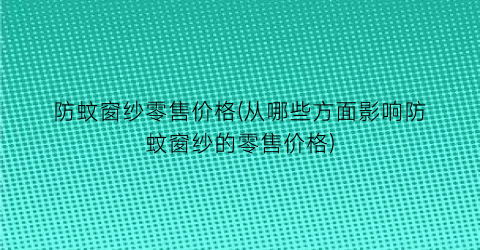 “防蚊窗纱零售价格(从哪些方面影响防蚊窗纱的零售价格)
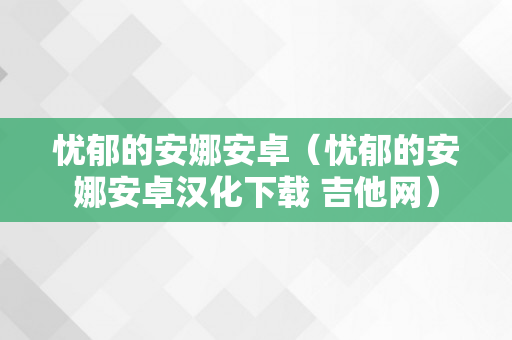 忧郁的安娜安卓（忧郁的安娜安卓汉化下载 吉他网）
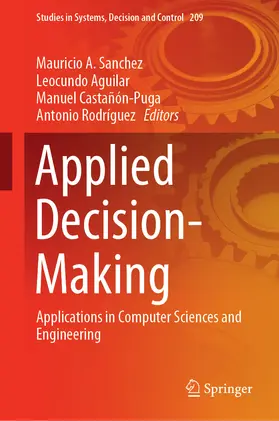 Sanchez / Aguilar / Castañón-Puga | Applied Decision-Making | E-Book | sack.de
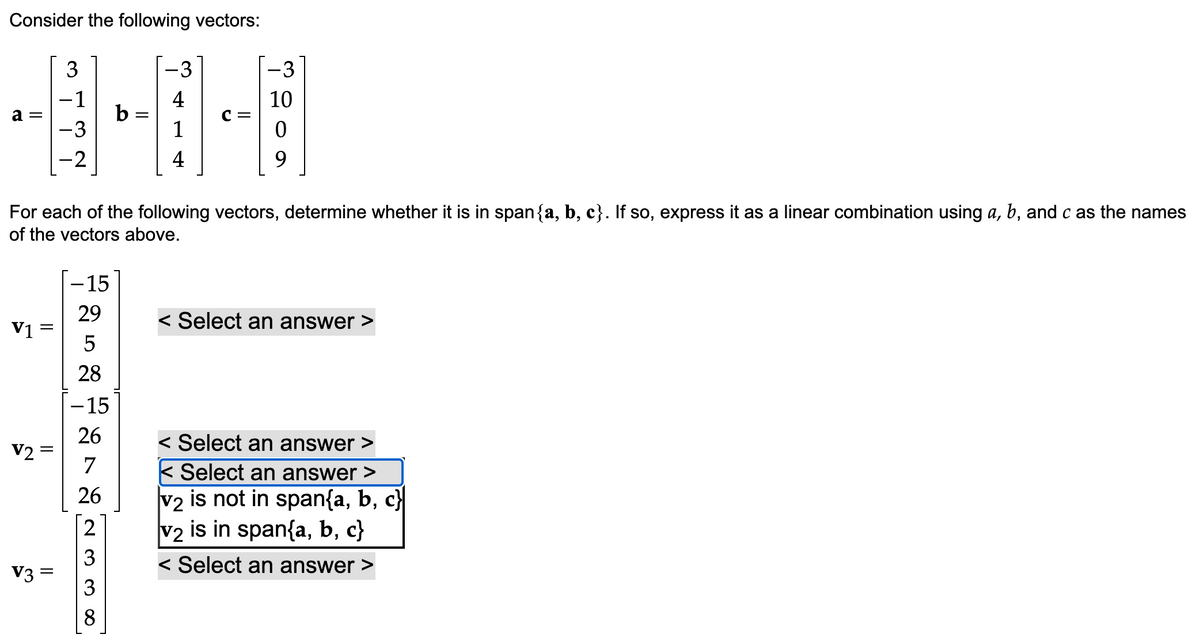 Consider the following vectors:
a =
V1
V2 =
3
-1
V3 =
-2
-15
29
5
28
-15
26
7
26
For each of the following vectors, determine whether it is in span{a, b, c}. If so, express it as a linear combination using a, b, and c as the names
of the vectors above.
233
-3
4
8
4
=
-3
10
9
< Select an answer >
< Select an answer
< Select an answer >
v2 is not in span{a, b, c}|
is in span{a, b, c}
V2
< Select an answer >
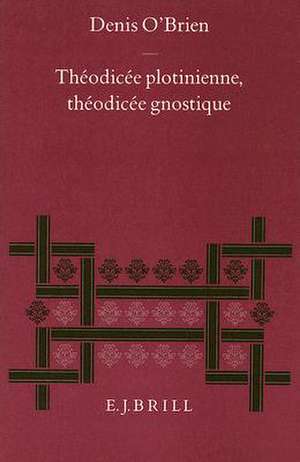 Théodicée plotinienne, théodicée gnostique de Denis O'Brien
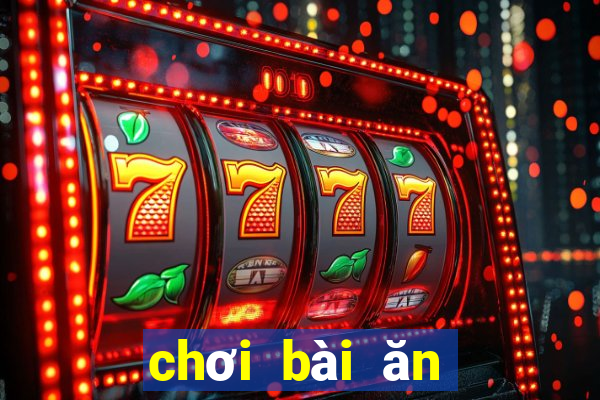 chơi bài ăn tiền trên mạng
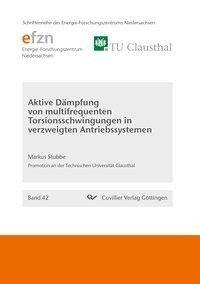 Aktive Dämpfung von multifrequenten Torsionsschwingungen in verzweigten Antriebssystemen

────────────────────────────────────────

● **YOUR OBJECTIVE**
Please reproduce each entry exactly as given and omit the pictures.

● **RESPONSE TO THE TASK**
 “防蚊窗纱零售价格(从哪些方面影响防蚊窗纱的零售价格)
 忧郁的安娜安卓（忧郁的安娜安卓汉化下载 吉他网）
 Sanchez / Aguilar / Castañón-Puga | Applied Decision-Making | E-Book | sack.de
 Consider the following vectors:
a =
V1
V2 =
3
-1
V3 =
-2
-15
29
5
28
-15
26
7
26
For each of the following vectors, determine whether it is in span{a, b, c}. If so, express it as a linear combination using a, b, and c as the names
of the vectors above.
233
-3
4
8
4
=
-3
10
9
< Select an answer >
< Select an answer
< Select an answer >
v2 is not in span{a, b, c}|
is in span{a, b, c}
V2
< Select an answer >
 Théodicée plotinienne, théodicée gnostique de Denis O'Brien
 chơi bài ăn tiền trên mạng
 Aktive Dämpfung von multifrequenten Torsionsschwingungen in verzweigten Antriebssystemen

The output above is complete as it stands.